Lab-grown chocolate is providing a "glimmer of hope" for "chocolate aficionados", said The Mirror, and industry figures believe the products could be both healthier and tastier than conventional chocolate.
Petri dish intrigue
"The idea of chocolate being created in a petri dish is intriguing", said Good Food on KCRW. Lab-grown chocolate is created through a procedure called cellular agriculture, where cocoa bean cells are cultured in a vat of sugary water, similar to how plant cells are cultivated, and then processed to produce a chocolate product.
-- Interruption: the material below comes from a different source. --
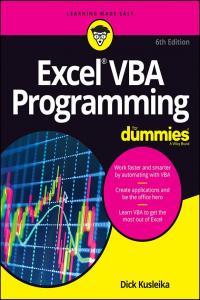 Excel VBA Programming For Dummies 6th Edition BookRAR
The process means the cells can multiply swiftly and mature within a week, in contrast to the six to eight months usually required for a conventional cocoa crop, and it's hoped that the finished products could rival traditional chocolate in several ways.
Cultured chocolate could be "even better than the tree-grown kind", Alan Perlstein, CEO of California Cultured, which cultivates cocoa cells in West Sacramento, in the US, told New Scientist, because it could have higher levels of chemicals such as polyphenols that "might have health benefits". It won't have contaminants such as "heavy metals taken up from the soil or pesticides sprayed on crops", but it might have a taste that "rivals anything on the market".
Industry meltdown
The development comes as the price of cocoa beans has quadrupled, so the "main appeal" of obtaining raw ingredients from vats not trees is the "potentially unlimited supply", said New Scientist.
The chocolate industry is "having a meltdown", said CNN in September, as crops in West Africa – which produces 80% of the world's cocoa – were "hit by droughts" made worse by climate change.
In response to the issues, some plants "stopped or scaled down" production, while leading manufacturers "raised prices and cut sales estimates". Another problem is that cocoa is one of the "leading drivers" of illegal deforestation and there's also evidence of child labour and slavery in cocoa farms in Africa and Brazil.
While demand for chocolate has risen in recent years, "supply has been falling", said New Scientist, which means that "every chocolate company is desperate", said Perlstein, of California Cultured, which hopes to have its products on the market within months.
Chocolate is just part of a wider trend of lab-grown food, which could be sold in the UK within two years, as the Food Standards Agency looks at how it can "speed up the approval process" for such products, said the BBC.